Как же происходит видоизменение строя песни? Можно предполагать, что оно связано с резкими потрясениями в бытовом укладе, с просачиванием индивидуалистических тенденций и, конечно, под воздействием городской цивилизации — вместе с ней — с переменами ритма и темпа жизни. Пока бытовой деревенский уклад стоял твердо и пока в городе господствовали те же социальные тенденции, держались и песенные традиции и формулы, трансформируясь с большой постепенностью. Процесс пролетаризации деревни, солдатчина, выселение на хутора, новые слуховые навыки, вывезенные из города, наконец роль механических инструментов — словом, самые разнообразные причины могли разъедать социально-песенный строй и единство стиля. Мало-помалу дело дошло до того, что горожане, ценители музыки, использовав имевшийся запас звуковых комбинаций, открыли в народной песне свежий неисчерпаемый источник— к тому же эмоционально близкий — новых сочетаний и новых впечатлений. Молодое же деревенское поколение, не будучи в состоянии принять старую песню как наследие угнетавшего быта и не стремясь ценить в ней художественный элемент, предоставило блюсти песнетворчество былых эпох старикам и старухам. Только немногие, более «интеллигентные» слои молодежи (и то преимущественно, как сам я убедился, на Севере), склонны поддерживать традицию.

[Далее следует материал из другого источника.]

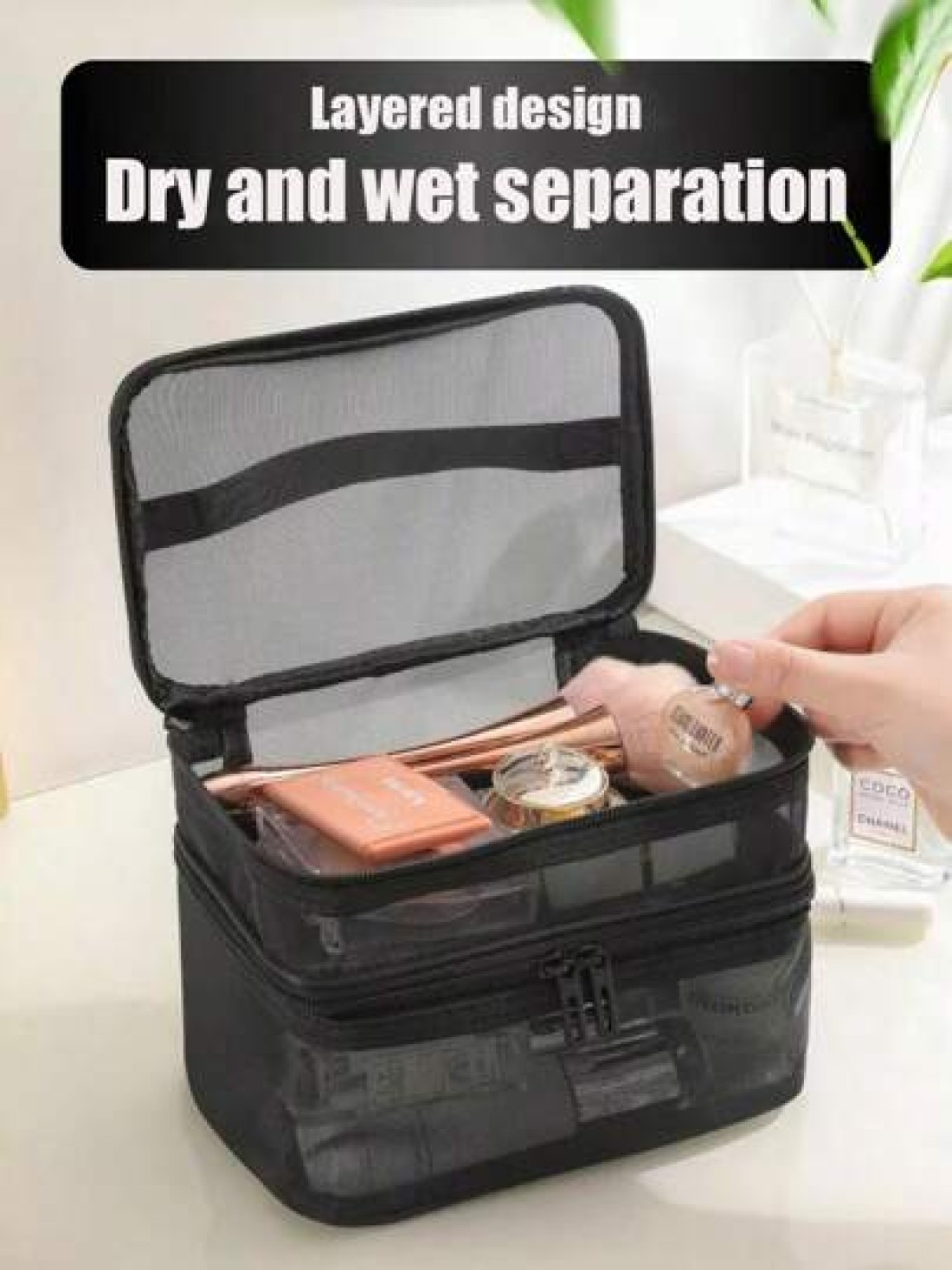 1pc Multi Functional Toiletry Bag Portable Makeup Storage Organizer Waterproof Cosmetic Pouch Large Capacity Travel Bag For Makeup Brushes Lipstick Nail Polish Jewelry Electronics Perfect Gift For Bir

<...> Мимолетные человеческие суждения, пусть и содержательные, и волнующие, и очень необходимые в текущей жизни, все-таки — лишь суждения. Так и во всех видах искусства, так и в музыке. Например: устойчивость, коренная и вековая, русского крестьянского быта выковывает исключительно совершенные и насыщенные мудрой силой сопротивления формы художества. В музыке великое, непререкаемо совершенное искусство песенное. Стоило быту заколебаться, как частушка, городской романс, новые разновидности плясовой мелодики несут свой строй. И разве среди этих современных форм нет совершенных, созданных «правдой жизни»?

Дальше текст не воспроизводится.